Circumstances make Singapore's two wealth funds different from most
By Ng Baoying, Channel NewsAsia | Posted: 29 January 2008 2233 hrs
SINGAPORE: Among countries with sovereign wealth funds (SWFs), Singapore stands out for a few reasons.
First, it is commonly seen as having not one but two such funds, both of which are grouped among the top seven state wealth funds in the world, with more than S$100 billion in assets apiece.
In addition, the Government of Singapore Investment Corporation (GIC) and Temasek Holdings were born out of circumstances different from that of nations with surplus reserves.
So why and how is Singapore's approach to wealth funds different? How are GIC and Temasek different from each other?
To many in the business community, Norway stands out for its sovereign wealth fund.
Set up in 1995 to preserve its oil wealth, Norway's Government Pension Fund is funded by surplus cash from commodities, just like many other sovereign wealth funds.
Gerard Lyons, group head of global research at Standard Chartered, said: "Singapore is different because Singapore not only has two funds, but unlike some of the other big funds, it doesn't have a natural commodity base from which to build its sovereign fund… For example when you look at Europe, Norway set up a fund when it discovered oil, Britain didn't. One could argue that (the) UK was looking very much at current consumption, not long-term investment. Norway, in contrast, was building up future investments. In many respects Singapore was of that ilk, thinking longer term, how to build up a future wealth of its nation."
Both Temasek Holdings and GIC look across the globe for investments with the best returns. But that is where the similarities end.
One big difference between the two is that GIC manages Singapore's foreign reserves while Temasek started with some government assets as capital.
Temasek Holdings' executive director Simon Israel said: "The word 'sovereign wealth fund' by nature almost implies fund manager. We are not a fund manager. As a private company we own our assets. That's a key point of differentiation. So we act (on) our own, not as managers. If you look at Temasek, we began at inception with S$350m of state assets transferred to us by the government. There were subsequent injections over the years. But it's the management of that investment portfolio over the years that has grown in excess of S$160 billion that we term our 'sweat capital', which is our source of funding, together with a modest level of debt."
"So unlike other SWFs we're not managing currency reserves, oil surpluses or anything like that. It's purely commercial investment activity and that's what drives us," he added.
If one defines a sovereign wealth fund as a fund manager for a country's reserves, Temasek said it will then not be classified as one.

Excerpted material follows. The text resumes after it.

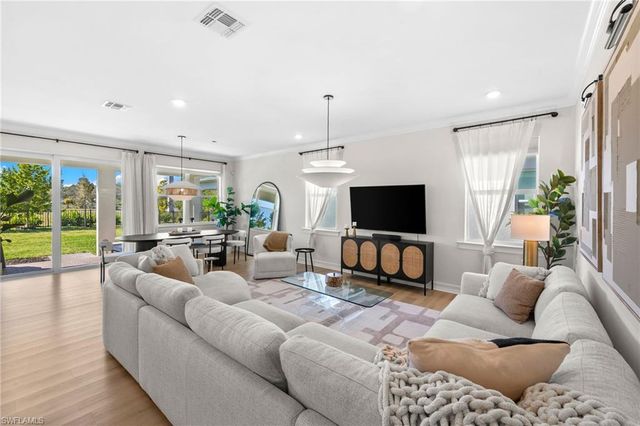 488 Polihale WAY, Naples, FL 34114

Mr Israel said: "We are state-owned but not state-directed… Temasek was established as a private company on a commercial charter to undertake these investments. Together with that we have a board of directors, a majority of whom are independent directors from the private sector. And we have a governance framework which is not dissimilar to that of a listed company."
As part of a push towards greater transparency, Temasek has opened its books to international ratings agencies for its credit rating. It also publishes an annual report in which it outlines its financial performance.
Temasek and GIC are autonomous in the way they operate.
GIC's deputy chairman and executive director Tony Tan said: "Let me say categorically that Temasek and GIC operate entirely separately. We have no common members on the boards of directors and no common management members. Temasek and GIC are independent companies. We don't consult each other and I don't see that there is any reason to regard Temasek and GIC as working in constant."
"They are entirely separate corporations, although of course both are owned by the Singapore government. We endeavour that this separateness of Temasek and GIC is maintained," he added.
Analysts said both GIC and Temasek have their strengths, and there is value in having them separate from each other.
Vice dean of finance and administration at the National University of Singapore Ho Yew Kee said: "It's a good way of doing things… not to put all your eggs in one basket… They started off as two different funds - one at home, one overseas. At some point in time, as their sizes grew, their objectives slightly overlap. But yet there's no necessity to merge them… into one."